The interest of individual liberty in relation to the organization of democracy demands simply that the individual officeholder should possess an amount of power and independence adequate to the efficient performance of his work. The work of a justice of the Supreme Court demands a power that is absolute for its own special work, and it demands technically complete independence. An executive should, as a rule, serve for a longer term, and hold a position of greater independence than a legislator, because his work of enforcing the laws and attending to the business details of government demands continuity, complete responsibility within its own sphere, and the necessity occasionally of braving adverse currents of public opinion. The term of service and the technical independence of a legislator might well be more restricted than that of an executive; but even a legislator should be granted as much power and independence as he may need for the official performance of his public duty. The American democracy has shown its enmity to individual political liberty, not because it has required its political favorites constantly to seek reëlection, but because it has since 1800 tended to refuse to its favorites during their official term as much power and independence as is needed for administrative, legislative, and judicial efficiency. It has been jealous of the power it delegated, and has tried to take away with one hand what it gave with the other.

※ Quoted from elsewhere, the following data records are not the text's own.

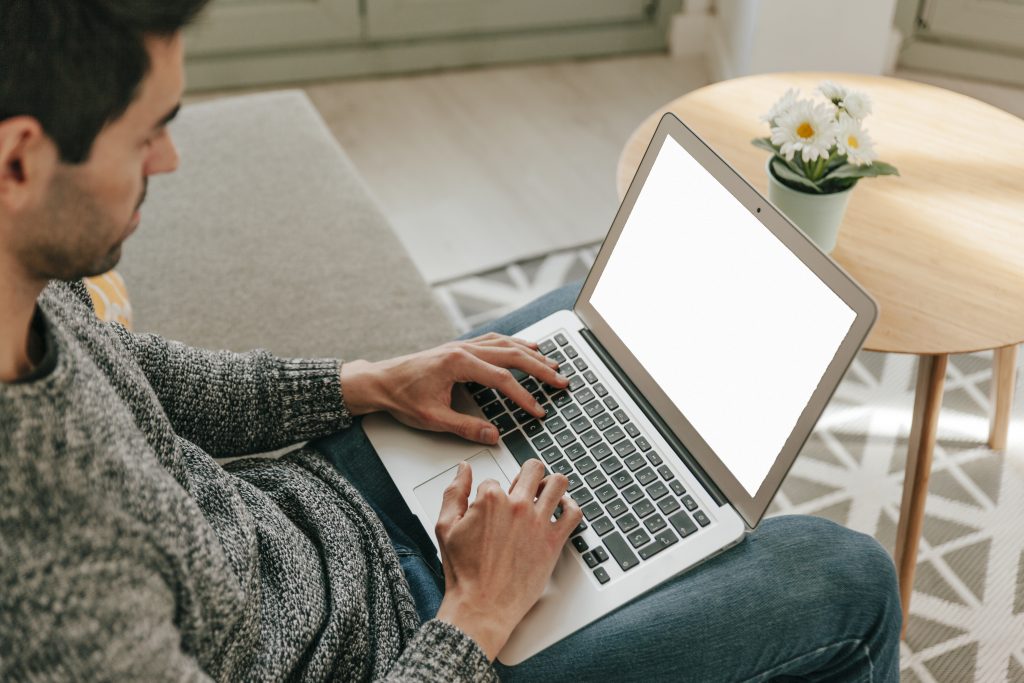 man-using-laptop-sofa Entrepreneurial Resilience: Charting a Financial Comeback After Addiction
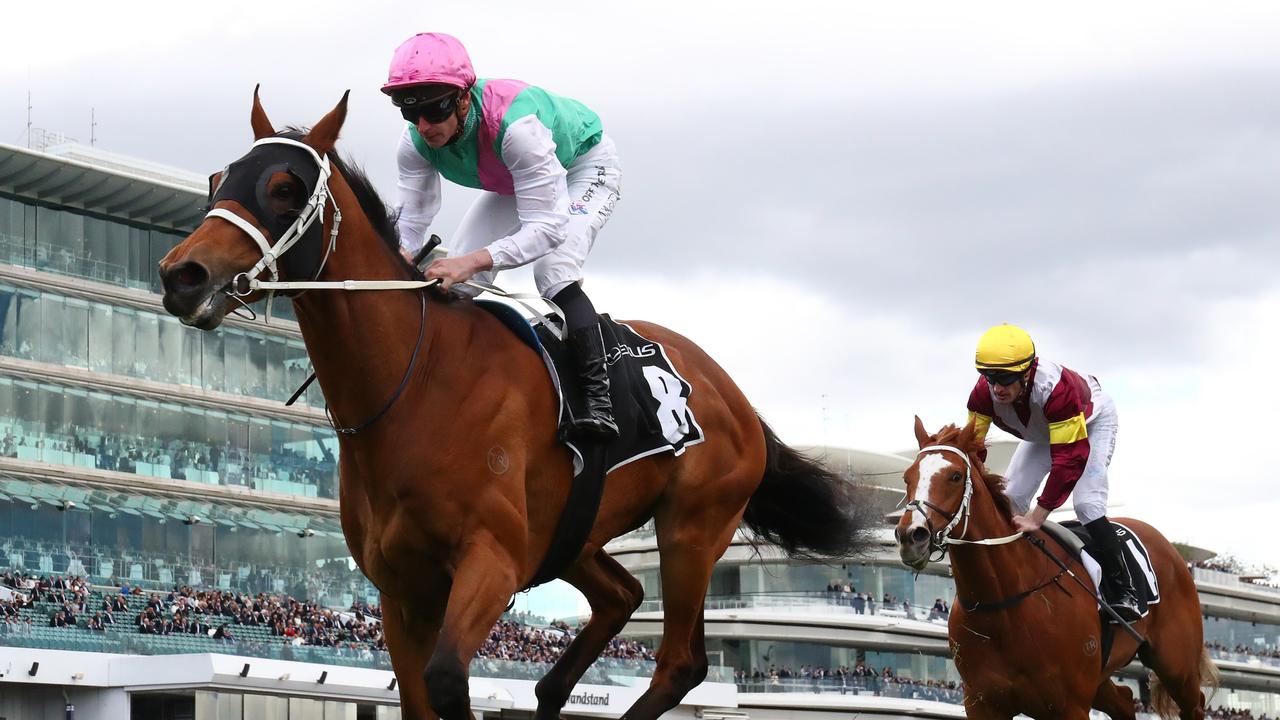 MELBOURNE, AUSTRALIA - OCTOBER 29: James McDonald riding #8 Surefire wins race two the Lexus Archer Stakes during 2022 Penfolds Victoria Derby Day at Flemington Racecourse on October 29, 2022 in Melbourne, Australia. (Photo by Robert Cianflone/Getty Images)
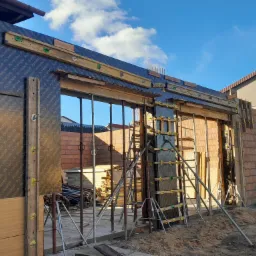 Szlifowanie betonu z użyciem szalunków systemowych i podpór teleskopowych, widok na nieukończone ściany z cegły i błękitne niebo.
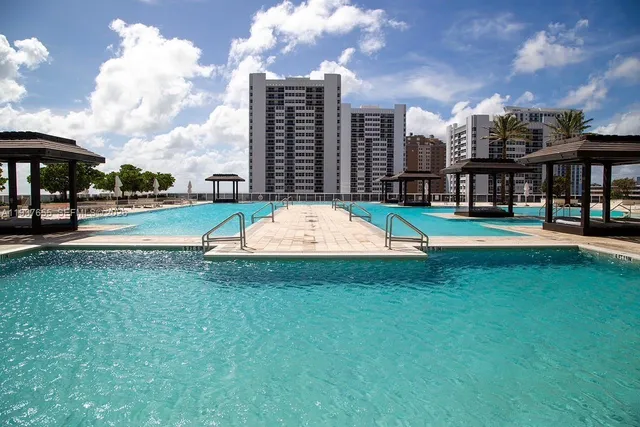a view of a playground with basketball court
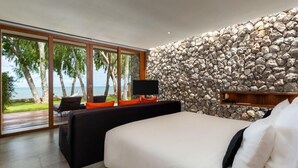 A bedroom with a stone wall, a bed, a TV, and a view of the ocean.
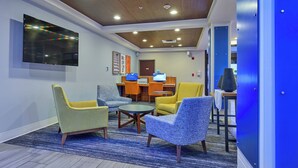 A lobby with seating, a reception desk, and a flat-screen TV.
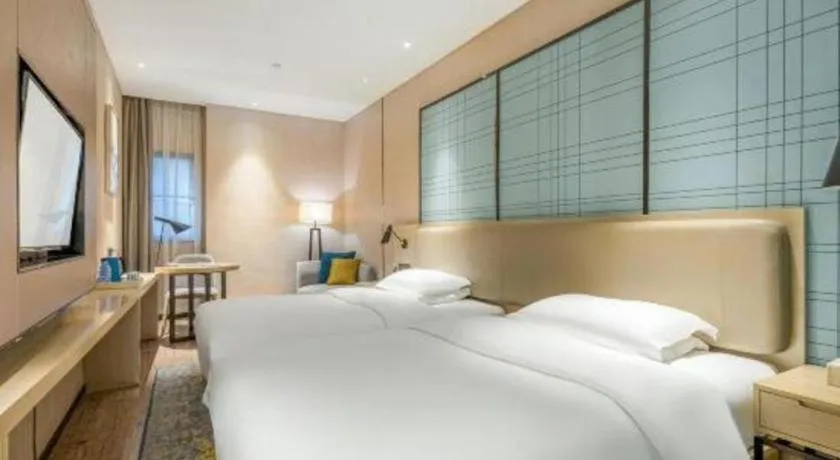 Bed in Echarm Hotel Yiyang Wanda Plaza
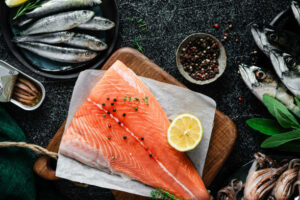 Raw salmon steak with herbs and spices on table. Top view of fresh fish and seafood on kitchen counter.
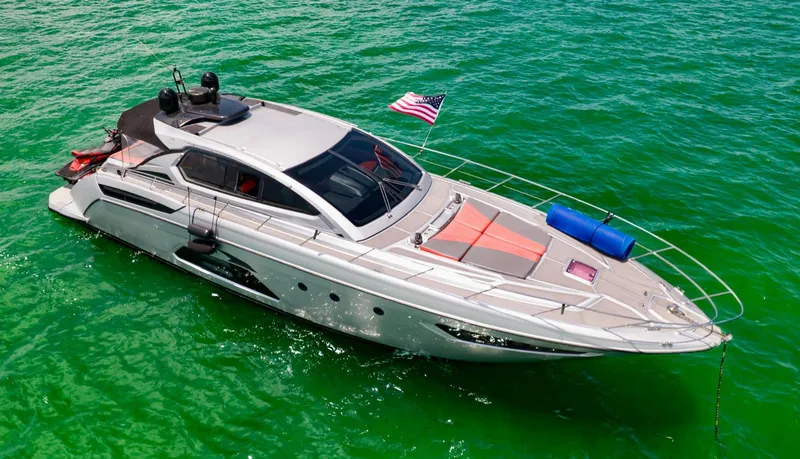 D Padron Yacht Photos Pics 2013 Azimut Atlantis 58 yacht on vibrant green water, featuring sleek design and American flag.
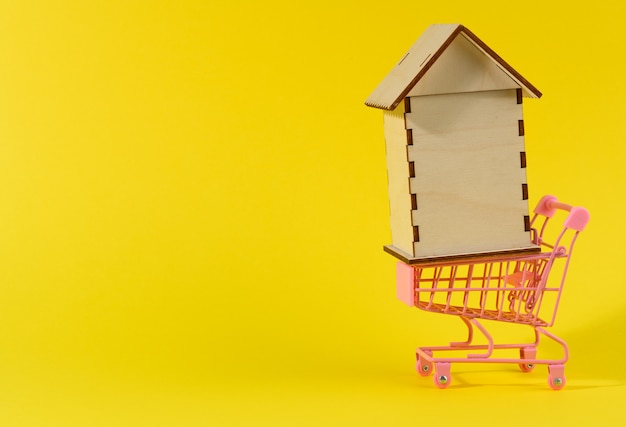 Wooden house in a metal miniature cart on a yellow surface. Real estate purchase concept, mortgage,copy space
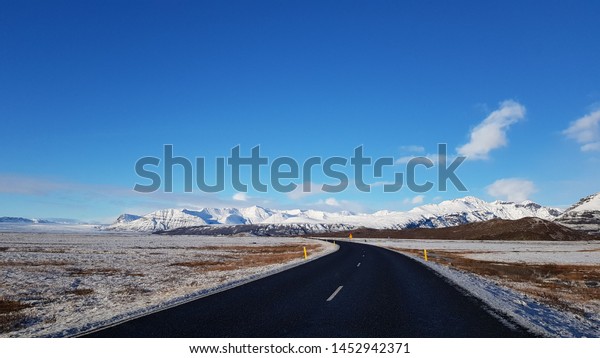 a road lost in Iceland with snowy mountains in\
the background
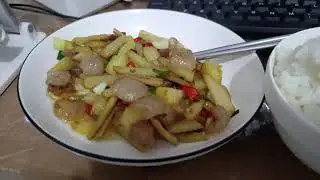 Stir fried potatoes with cured pork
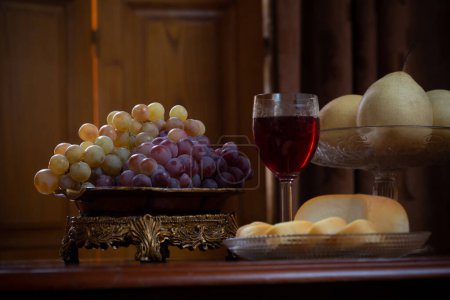 Foto de Bodegón con frutas y queso y copa de vid roja sobre fondo de madera - Imagen libre de derechos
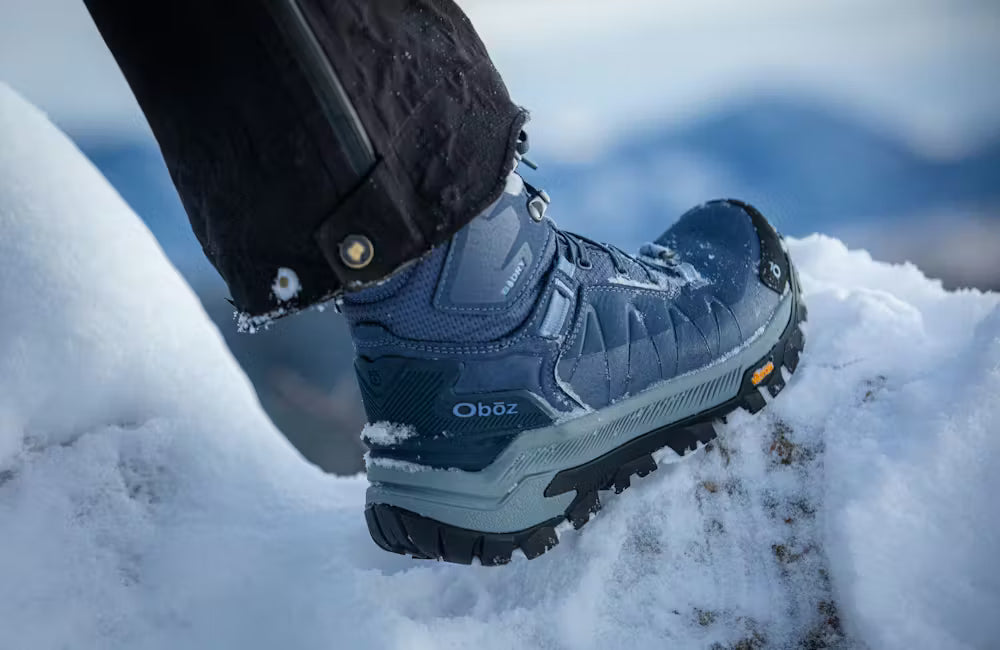 Close up view of the Oboz Bangtail winter boots in the snow.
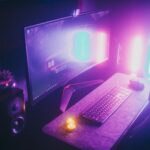 A stylish gaming desk featuring neon lights, keyboard, and monitor in a dark room.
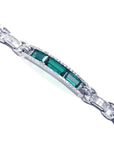White gold bracelet with three rectangular Colombian emeralds and princess-cut diamond accents.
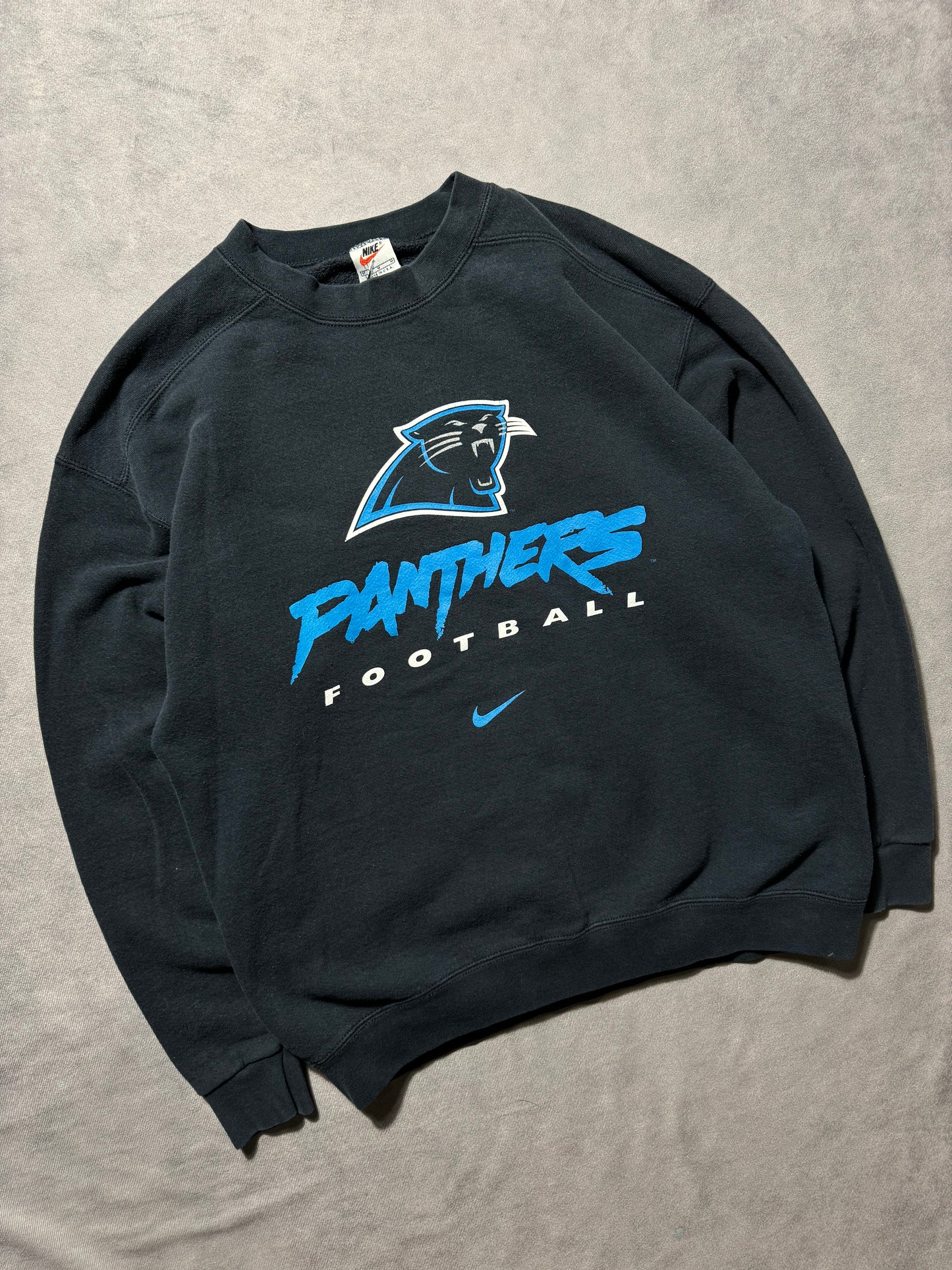 1999 Carolina Panthers Vintage Black Nike Cat Scratch Font Big Logo NFL Crewneck (Medium)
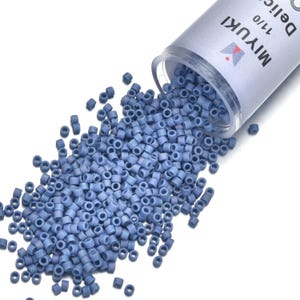 May include: A close-up shot shows a collection of small, light blue cylindrical beads spilling from a clear container. The container is labeled "MIYUKI 11/0 Delica". The beads are scattered on a white surface, suggesting their use in jewelry making or crafts.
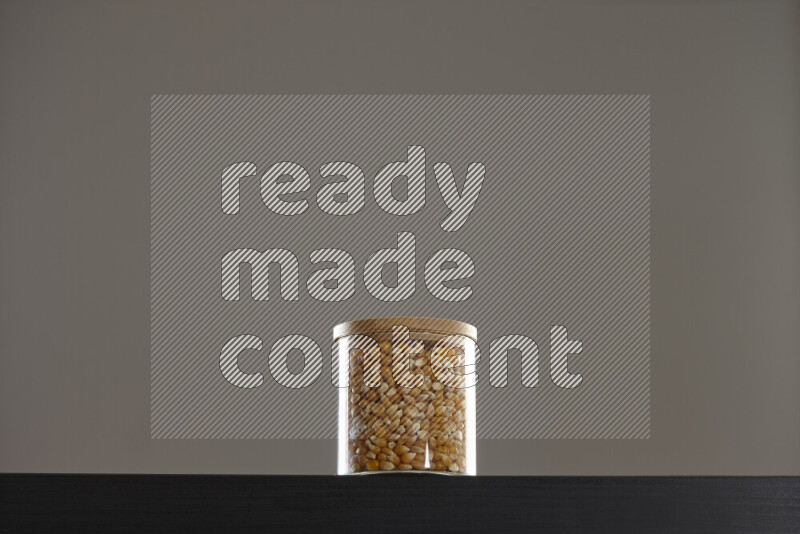 Pop corn in a glass jar on black background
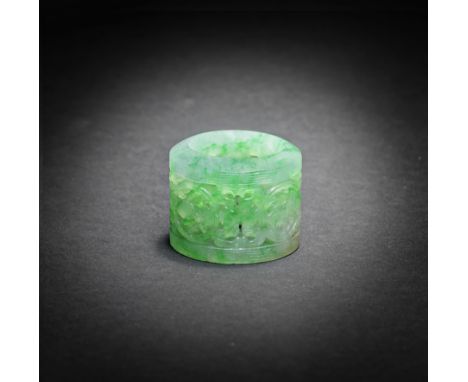 A VERY FINE AND RARE JADEITE RETICULATED THUMB RING19th centuryOf cylindrical form with the top rim of rounded slanted form a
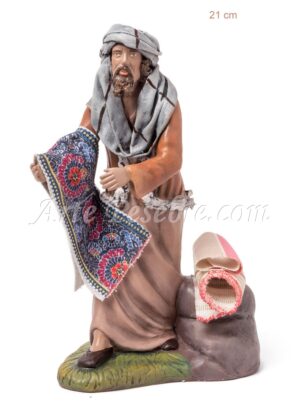 Pastor vendiendo alfombra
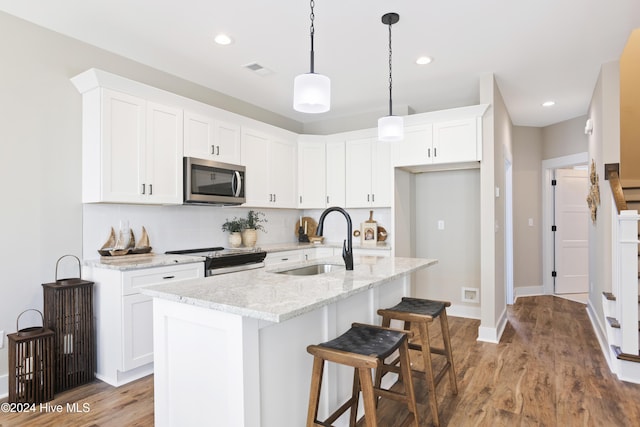 kitchen with electric stove, sink, light stone counters, and white cabinets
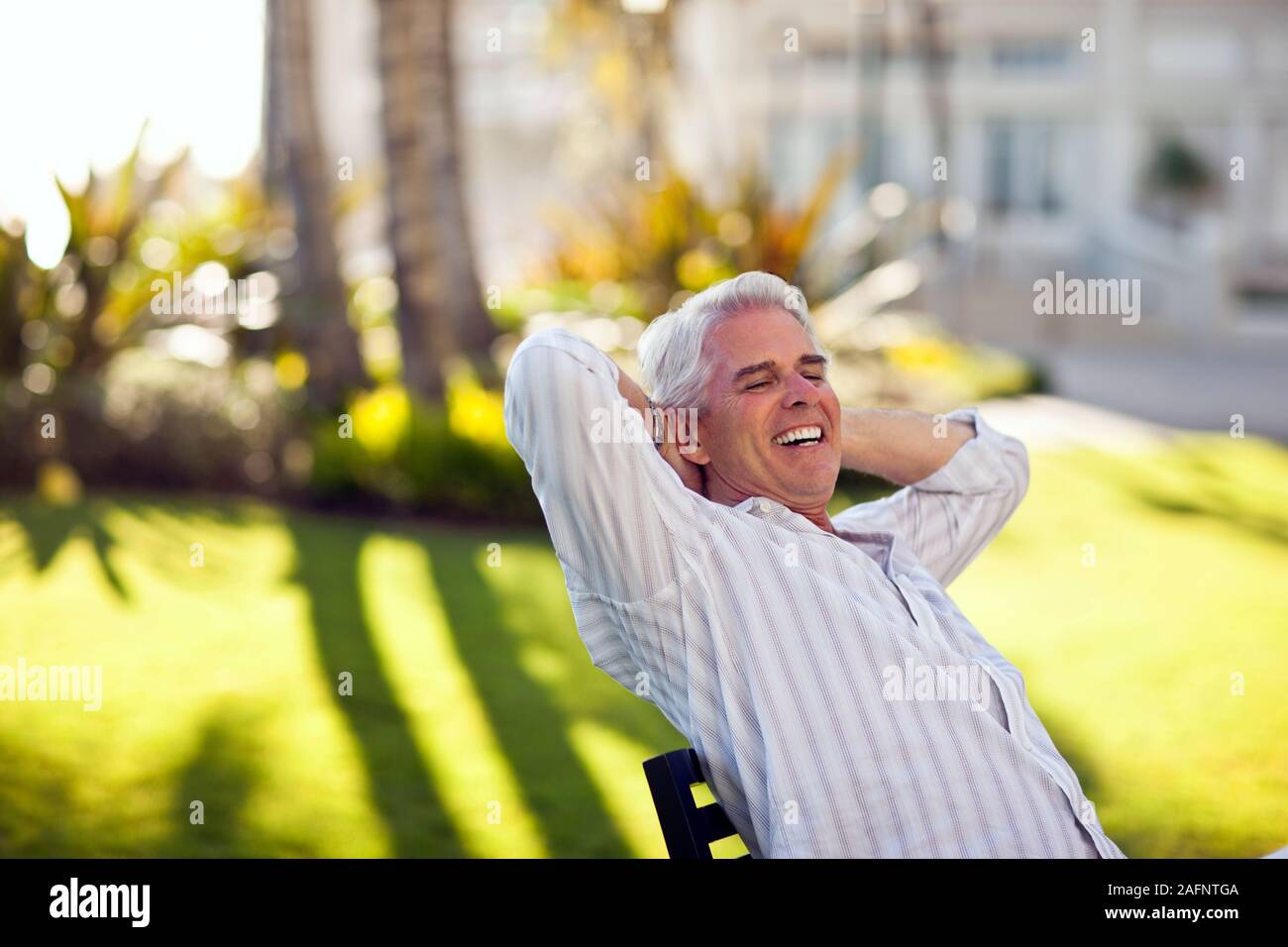 Homme mature jouit d'assis en face de son hôtel. Banque D'Images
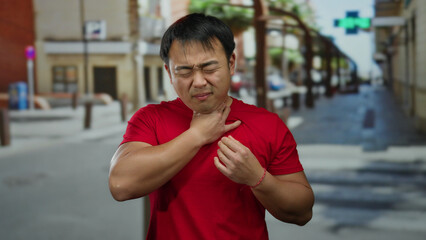 Man with pained expression touches his throat while standing outside on a city street wearing a red...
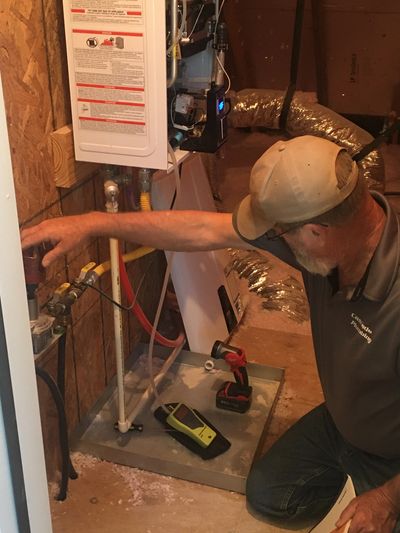 plumber checking water pressure in water heater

There is no room for “Act locally, think globally” in Croly’s vision. This is especially ungenerous given the many successful progressive movements that flourished decades after Croly’s death, such as the civil rights movement beginning with local sit-ins and developing into a more cogent and less ragged strain of the destructive Jacksonian populism that Croly rightly calls out, especially in relation to the cavalier obliteration of the Second Bank of the United States and the Nullification Crisis of 1832, which required Henry Clay to clean up Jackson’s despotic absolutism with a compromise. On the Nullification point, Croly identifies Daniel Webster, a man who became treacherously committed to holding the Union together, as “the most eloquent and effective expositor of American nationalism,” who “taught American public opinion to consider the Union as the core and crown of the American political system,” even as he offers a beautifully stinging barb on Webster’s abolitionist betrayal with the 1850 speech endorsing the Fugitive Slave Act: “He was as much terrorized by the possible consequences of any candid and courageous dealing with the question as were the prosperous business men of the North; and his luminous intelligence shed no light upon a question, which evaded his Constitutional theories, terrified his will, and clouded the radiance of his patriotic visions.”

But Croly also promulgates a number of loopy schemes, including making representative legislatures at any level beholden to an executive who is armed with a near tyrannical ability to scuttle laws, even as he claims that voters removing representatives through referendum “will obtain and keep a much more complete and direct control over the making of their laws than that which they have exerted hitherto; and the possible desirability of the direct exercise of this function cannot be disputed by any loyal democrat.” Well, this loyal democrat, immediately summoning Lord Acton’s famous quote, calls bullshit on giving any two-bit boss that kind of absolute power. Because Croly’s baffling notion of “democracy” conjures up the terrifying image of a sea of hands raised in a Bellamy salute. On one hand, Croly believes that a democracy must secure and exercise individual rights, even as he rightly recognizes that, when people exercise these rights, they cultivate the “tendency to divide the community into divergent classes.” On the other hand, he believes that individuals should be kept on a restrictive leash:

[T]hey should not, so far as possible, be allowed to outlast their own utility. They must continue to be earned. It is power and opportunity enjoyed without being earned which help to damage the individual — both the individuals who benefit and the individuals who consent — and which tend to loosen the ultimate social bond. A democracy, no less than a monarchy or an aristocracy, must recognize political, economic, and social discriminations, but it must also manage to withdraw its consent whenever these discriminations show any tendency to excessive endurance. The essential wholeness of the community depends absolutely on the ceaseless creation of a political, economic, and social aristocracy and their equally incessant replacement.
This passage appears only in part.